Suppose Hom$(x,y) \neq \emptyset$, i.e. there is a morphism between $x$ and $y$. I think this is possible if and only if this morphism is an isomorphism between $G$ an $G'$ (in fact, every morphism in a groupoid must be invertible, moreover it must respect multiplication, so it is an isomorphism of these groups). Also, I know that any two such morphisms are conjugate.
I need to prove: "Given two groupoids $\mathcal{G}_1$ and $\mathcal{G}_2$ satisfying the conditions above (i.e. both have $X$ as set of objects and $G, G'$ as hom-sets Hom$(x,x)$ and Hom$(y,y)$), if there is a morphism from $x$ to $y$ in both groupoids, then $\mathcal{G}_1$ and $\mathcal{G}_2$ are isomorphic".
[Two groupoids are isomorphic if they are isomorphic as category, i.e. there is an "invertible" functor between the two].
It seems quite an obvious statement, but I cannot prove it. I start with a functor between the groupoids, say $F: \mathcal{G}_1 \to \mathcal{G}_2$. Then, what? Should I concretely construct such a functor and show it is an isomorphism? Or is there an "abstract nonsensical way" to do it?
You should just construct the functor. The objects map to themselves as do the endomorphisms. All you really have to decide is how the map $F\colon\hom_{\mathcal G_1}(x, y) \to \hom_{\mathcal G_2}(x, y)$ is going to work.
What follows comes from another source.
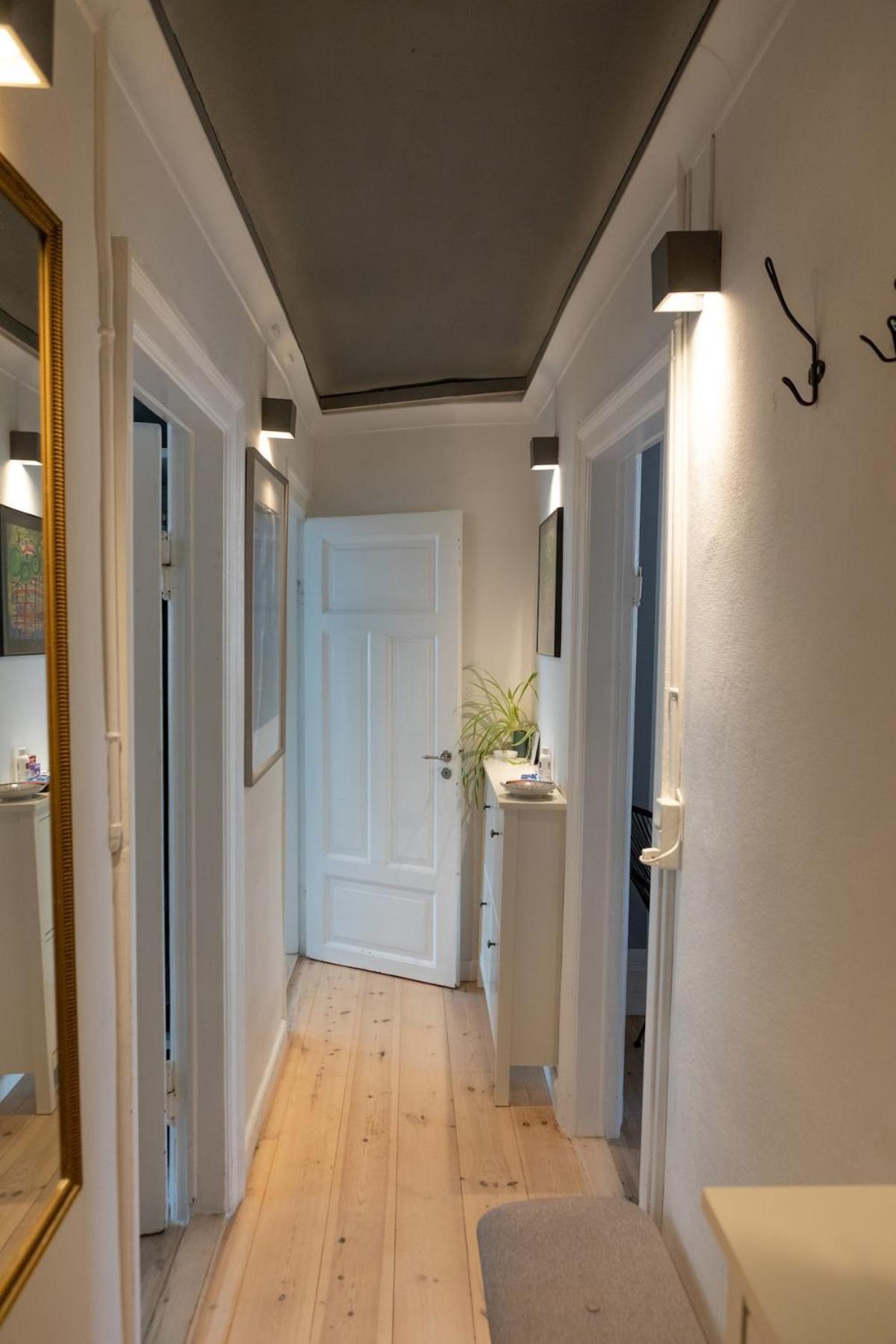 Beautiful And Classic Apartamento Copenhague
Pick $\phi_1 \in \hom_{\mathcal G_1}(x, y)$ and $\phi_2 \in \hom_{\mathcal G_2}(x, y)$. What you need to do is show that every $f \in \hom_{\mathcal G_1}(x, y)$ can be written in the form $\phi_1f'$ where $f' \in G$, and similarly for $\mathcal G_2$. Then define $F(\phi_1f') = \phi_2f'$.
You'll have to show that $F$ respects composition and is a bijection on that homset, but that shouldn't be hard.